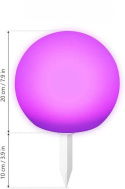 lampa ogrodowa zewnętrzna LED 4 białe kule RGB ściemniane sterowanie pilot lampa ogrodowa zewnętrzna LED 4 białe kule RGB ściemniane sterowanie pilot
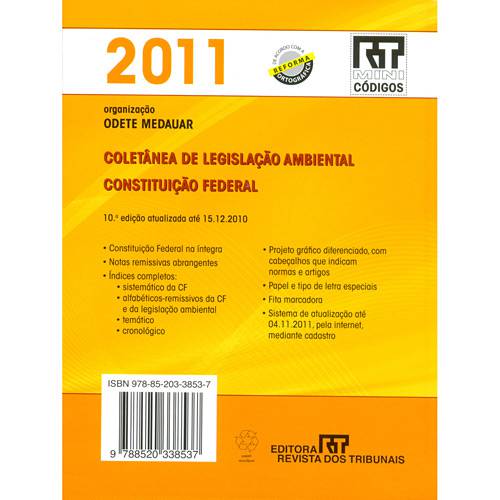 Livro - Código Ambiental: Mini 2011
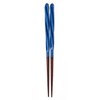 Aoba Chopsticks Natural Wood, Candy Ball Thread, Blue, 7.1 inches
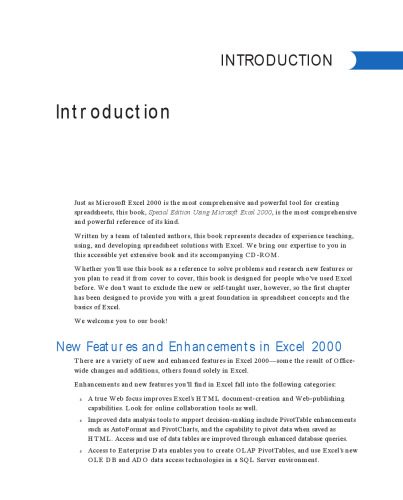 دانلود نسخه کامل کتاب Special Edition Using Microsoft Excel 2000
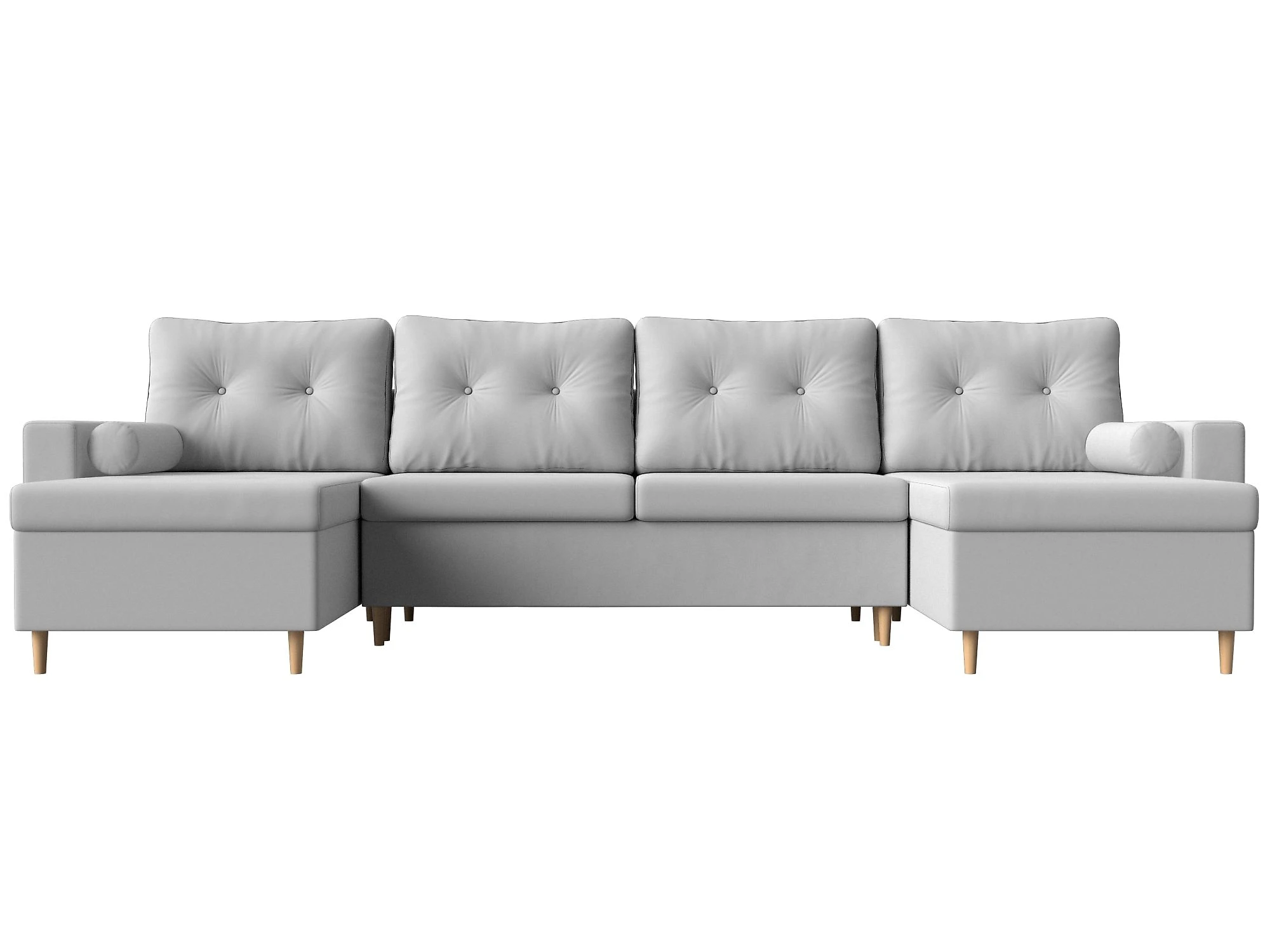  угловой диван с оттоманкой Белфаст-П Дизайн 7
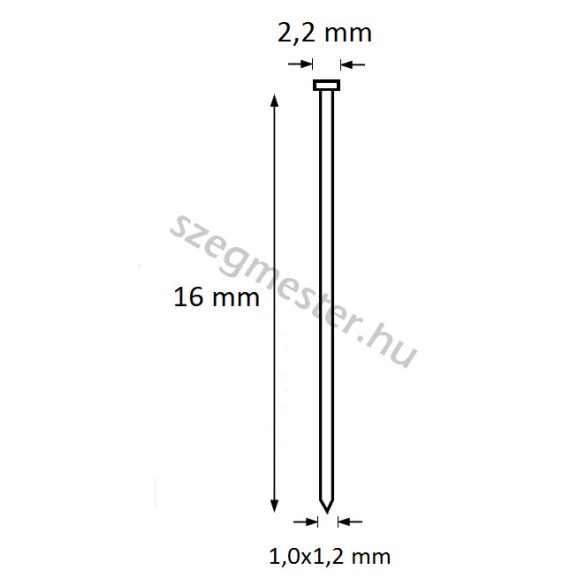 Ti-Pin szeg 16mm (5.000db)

◇ ◇ ◇ ◇ ◇ ◇ ◇

Return exactly the lines running from the line with "Livro - Código Ambiental: Mini 2011" through the final line of the listing. Leave the pictures out.

### EXERCISE RESPONSE
 Livro - Código Ambiental: Mini 2011
 Aoba Chopsticks Natural Wood, Candy Ball Thread, Blue, 7.1 inches
 دانلود نسخه کامل کتاب Special Edition Using Microsoft Excel 2000
  угловой диван с оттоманкой Белфаст-П Дизайн 7
 Ti-Pin szeg 16mm (5.000db)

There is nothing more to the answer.